(Beginning of SUPPLIED MATERIAL)
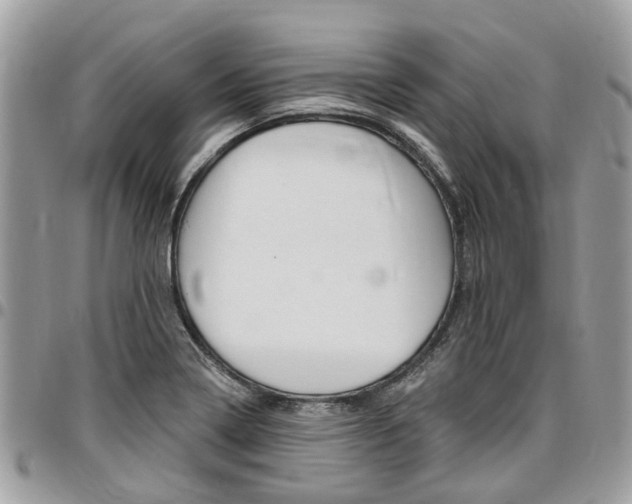 X0000096971322200802080914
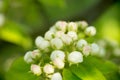 Young blossoming apple tree blossoms, spring time Royalty Free Stock Photo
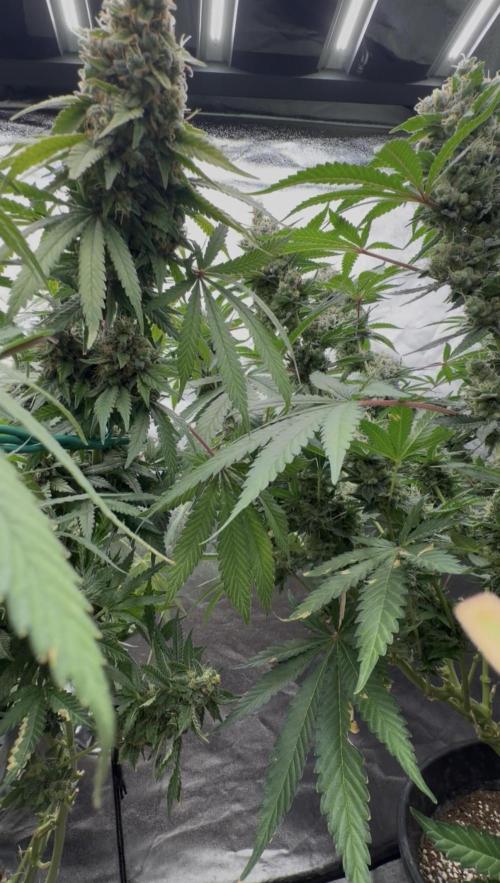 Dutch passion/ barneys farmXdoja run. Week 13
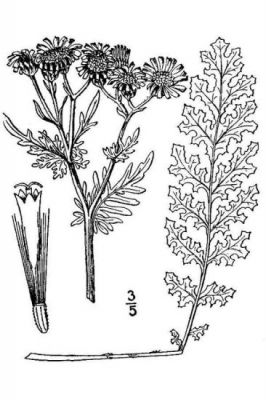 Jacobaea vulgaris - 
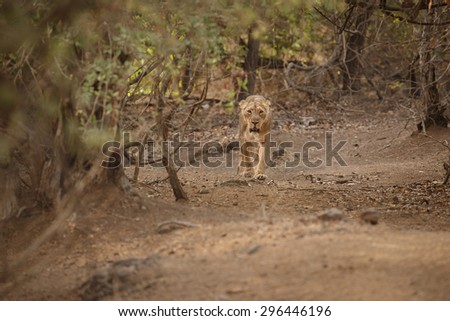 Asiatic lion female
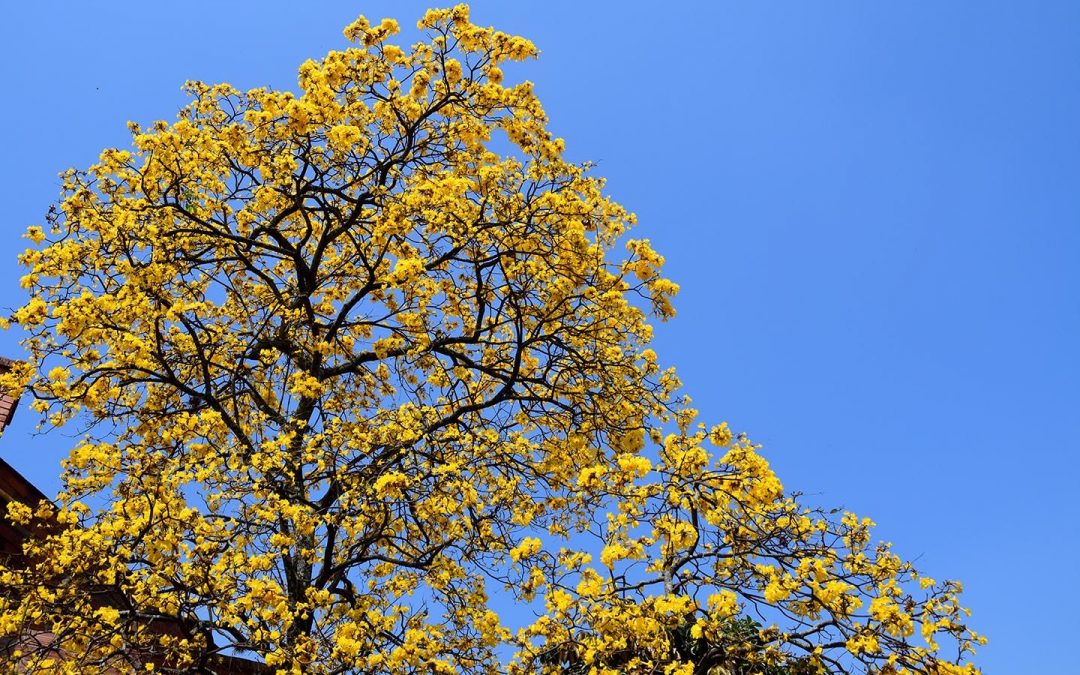 Guayacanes: el centro se viste  de color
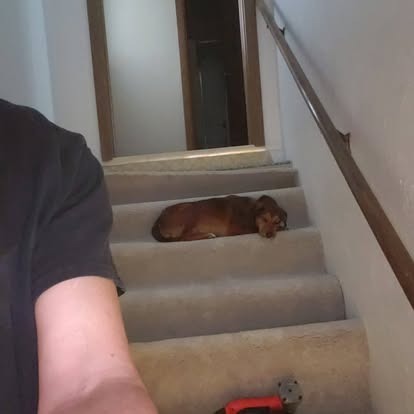 Brown dog sitting on staircase looking up at person's arm in foreground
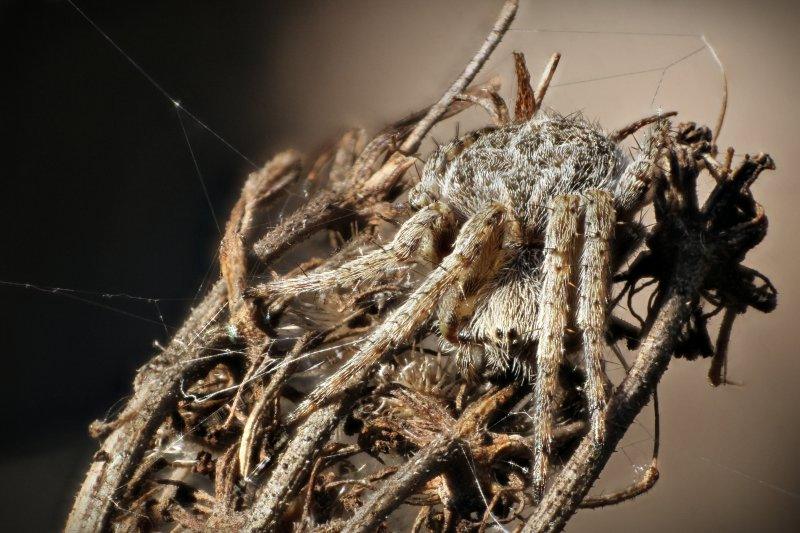 Animals photography titled 'Camouflage Spider', 11x17 inches, by artist Rainer Clemens Merk on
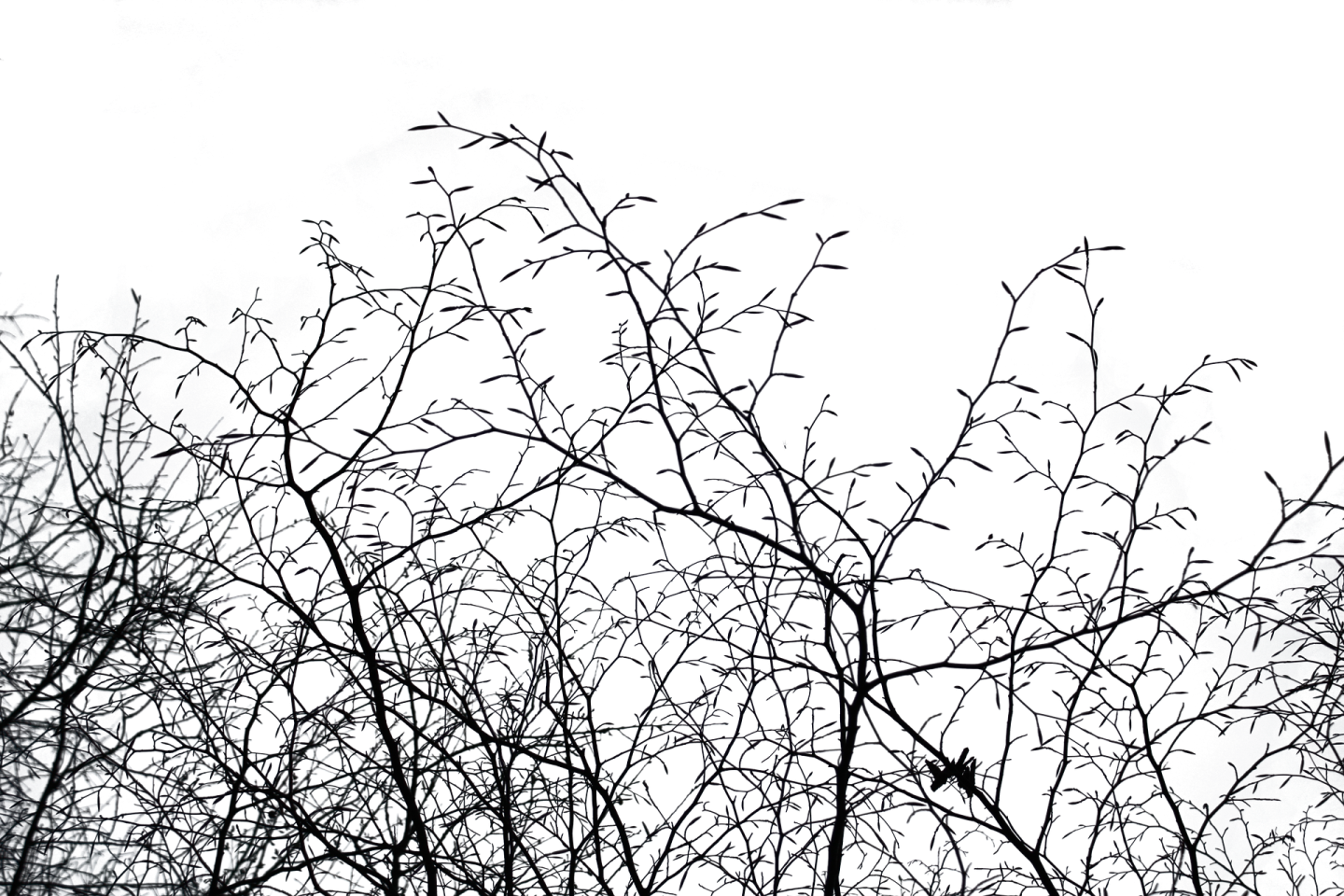 a black and white photo of trees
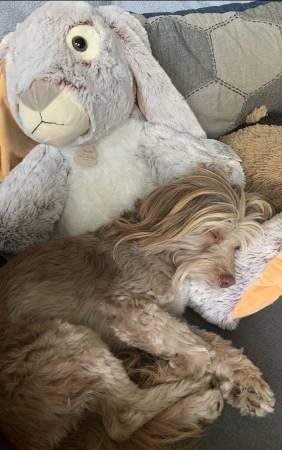 Private Pet Boarding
(End of SUPPLIED MATERIAL)
**WORK ITEM**
Omit the pictures; restate every entry word for word.

**RESPONSE**
 X0000096971322200802080914
 Young blossoming apple tree blossoms, spring time Royalty Free Stock Photo
 Dutch passion/ barneys farmXdoja run. Week 13
 Jacobaea vulgaris - 
 Asiatic lion female
 Guayacanes: el centro se viste  de color
 Brown dog sitting on staircase looking up at person's arm in foreground
 Animals photography titled 'Camouflage Spider', 11x17 inches, by artist Rainer Clemens Merk on
 a black and white photo of trees
 Private Pet Boarding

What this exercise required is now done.